Introducing Granola a software to help save some energy from your PC, and in the while help the nature.
This is a small followup from my article Linux for a green Desktop
Granola site say:
“Granola will green up your Linux or Microsoft Windows computers by cutting energy consumption by up to 35%. This will not only save you money, but help to save the planet by reducing CO2 emisions. Granola will not turn off your computer or give you any noticable performance loss, and it is totally free! Do your part to save the planet by installing Granola.”
I’m now testing it on my Ubuntu 10.04
Granola has the following requirements:
* The following Linux distributions:
- Debian 5.0 and unstable
- Fedora 8-12
- RHEL 4 and 5
- SLES 10
- Ubuntu 7.04-10.04
* Hardware support for Dynamic Voltage and Frequency Scaling (DVFS). DVFS is available on most modern Intel and AMD processors, but may require being enabled in your computer’s BIOS (read granola wiki page for information on known models). If DVFS is not available, or turned off, Granola will let you know when it attempts to start up for the first time.
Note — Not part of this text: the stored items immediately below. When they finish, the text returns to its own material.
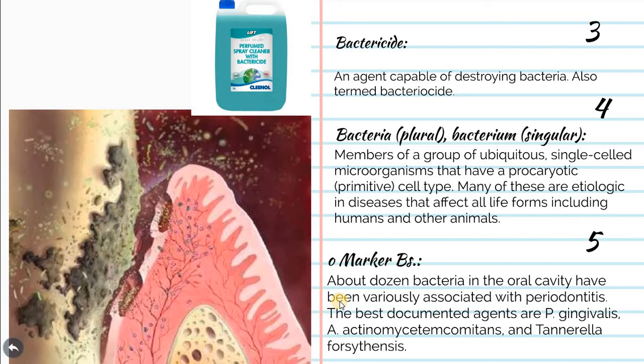Bactericide is an agent capable of destroying or killing bacteria. Bacterium is singular, bacteria is plural. They are prokaryotic, primitive cell types. Many of these are etiologic in diseases that affect all life forms including humans and other animals. For example, in periodontal disease, the main causative factor is bacteria.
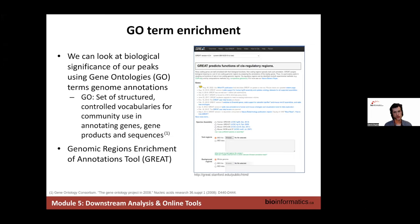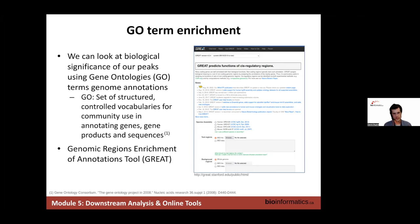Jumping to GO-term enrichment — we can look at the biological significance of peaks for a given list of regions in a BED file using gene ontology annotations. Gene ontology, or GO, is a set of structured controlled vocabulary for community use in annotating genes, gene products, and sequences. The tool we'll use for this is called GREAT — it's an online tool, a website where you upload a BED file, choose your reference genome, and it runs the analysis in the background. Being a public resource, the size of BED files you upload is limited to save on computation power.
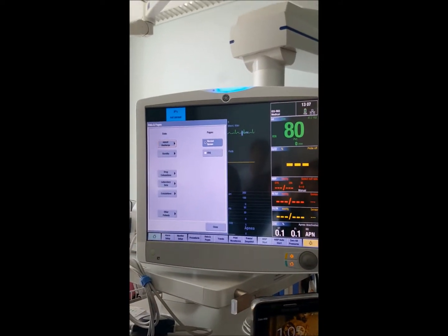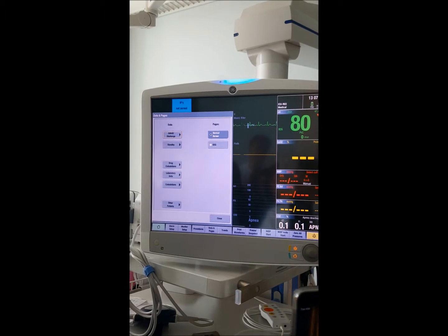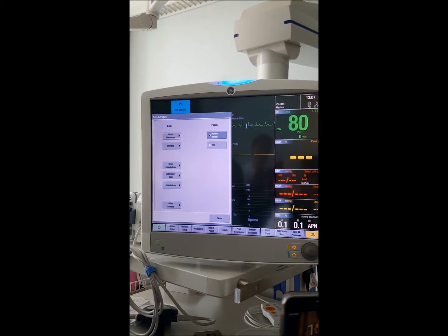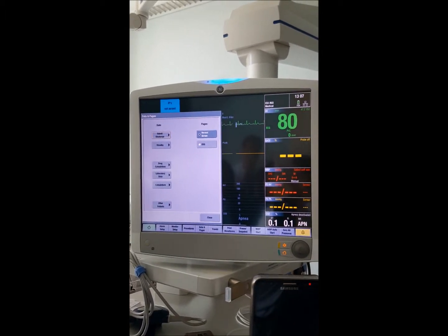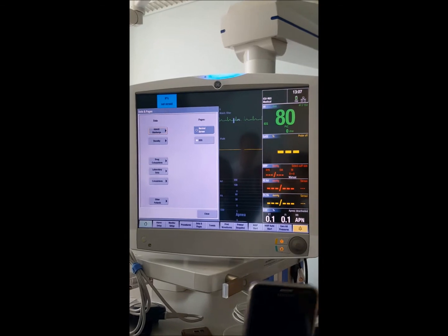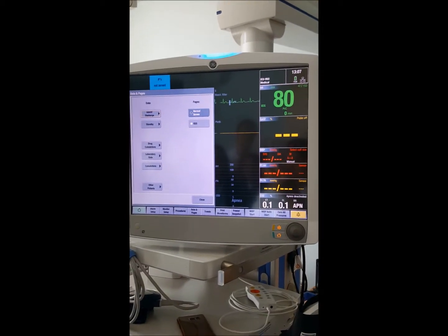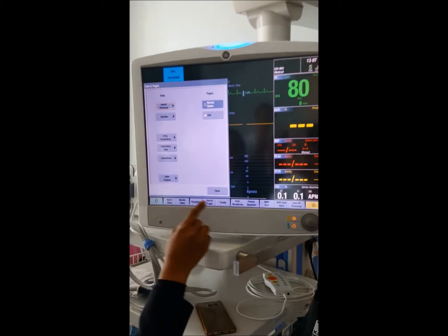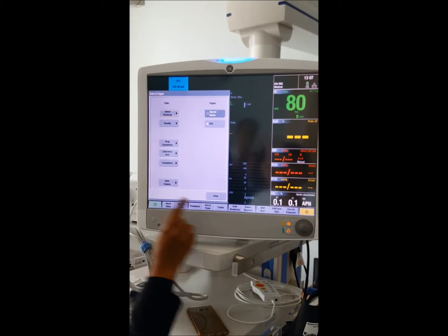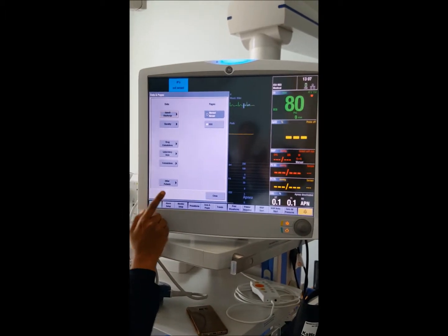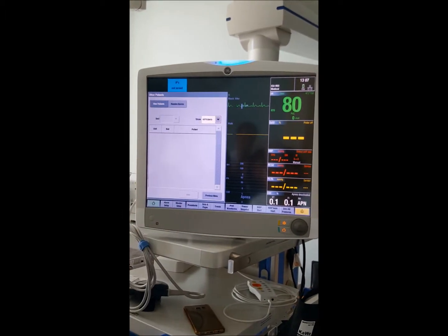Next is data pages. There is a button called 'Other Patients' — this allows you to view a patient in another room, say room 15, without going there. You press 'Data Pages' and then 'Other Patients' to bring their screen up here.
You have 2 choice to install granola : use their magic script that will add the repository (work for Debian, Ubuntu, RHEL, Fedora and Suse) and install the software or do it manually, i’ve done it manually following these steps:
1. sudo apt-get install apt-transport-https
2. Download and install (sudo dpkg -i package) this package.
3. sudo apt-get update
4. apt-cache search MiserWare (now you should see granola)
5. sudo aptitude install granola granola-gui
For other distro it’s available a tar ball that you can download at the url: http://grano.la/help/?os=linux&download
All done, granola daemon will start immediately and set up to autostart at boot, to check how your saving is going you can use granola-gui that will show a small g on your notification area.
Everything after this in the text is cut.